To answer the question about a graph $G$ where both the graph $G$ and its complement $\overline{G}$ are Eulerian, we need to first understand the definition of an Eulerian graph.

Definition of an Eulerian Graph:

A graph is Eulerian if it contains a closed Eulerian circuit, which means a cycle that visits every edge of the graph exactly once and returns to the starting point. For a graph to be Eulerian:

• Every vertex must have an even degree.

Eulerian complement graph $\overline{G}$:

The complement $\overline{G}$ of a graph $G$ has the same set of vertices, but its edges consist of all the edges that are not in $G$. Therefore, for both $G$ and $\overline{G}$ to be Eulerian:

• The degree of every vertex in $G$ must be even.
• The degree of every vertex in $\overline{G}$ must also be even.

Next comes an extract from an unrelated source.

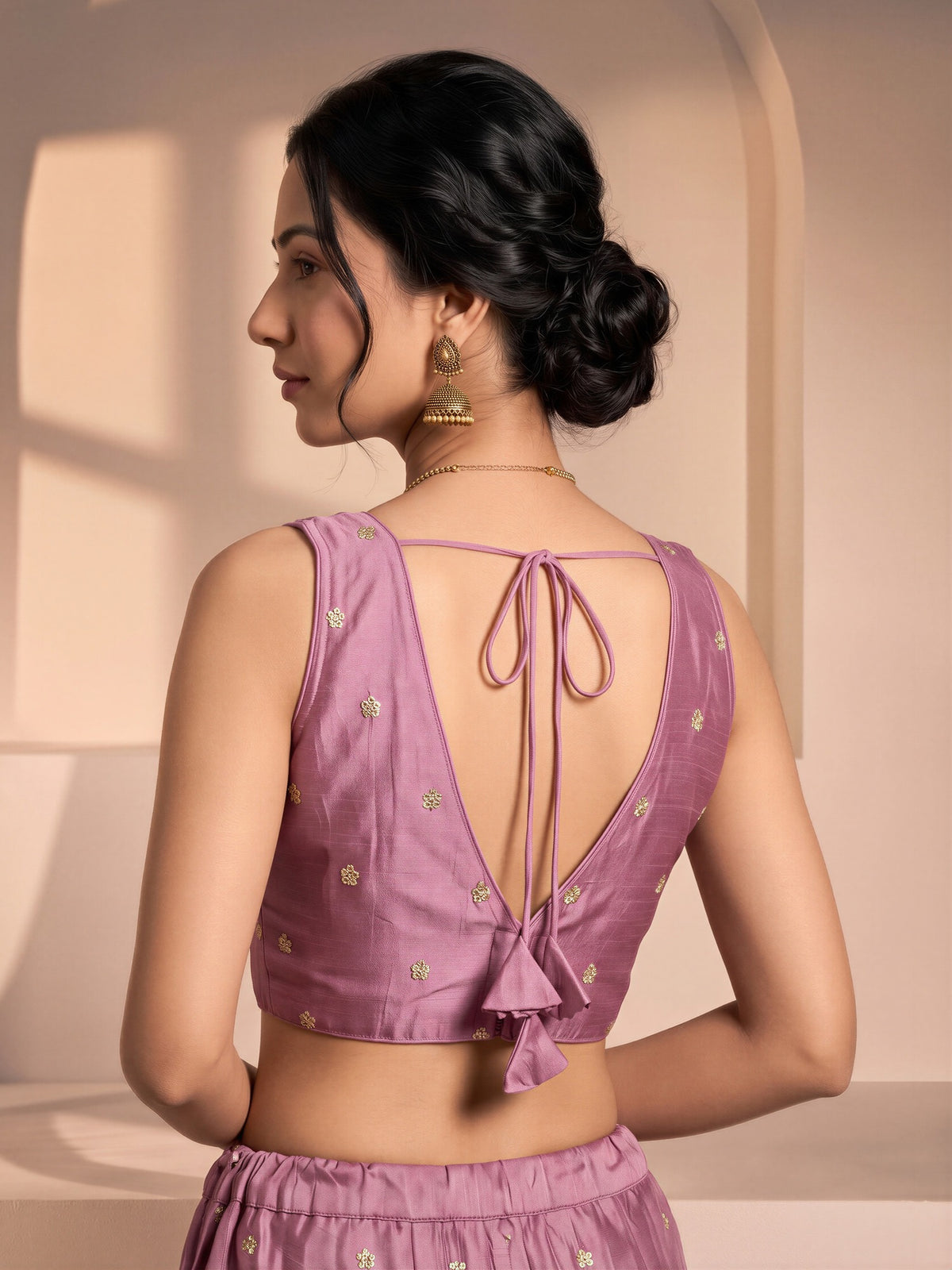 Lavender sequin embellished vichitra silk sleeveless readymade saree blouse with v neck view 1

Example of such a graph $G$:

A complete graph with 4 vertices, denoted as $K_4$, serves as a perfect example. Let’s break it down:

• Graph $G = K_4$:

  • A complete graph with 4 vertices has all possible edges between the 4 vertices. Each vertex in $K_4$ has degree 3 (since it is connected to the other 3 vertices).
  • For $G$ to be Eulerian, each vertex should have an even degree. However, this does not work for $K_4$ because its vertices have odd degrees.

• Graph $G$ = $K_4 \setminus E$: This notation represents removing some of the edges, and we adjust it to make degrees even. A simple example can be a disjoint union of two $K_2$. So, 4 vertices (with degrees that are calculated for combining.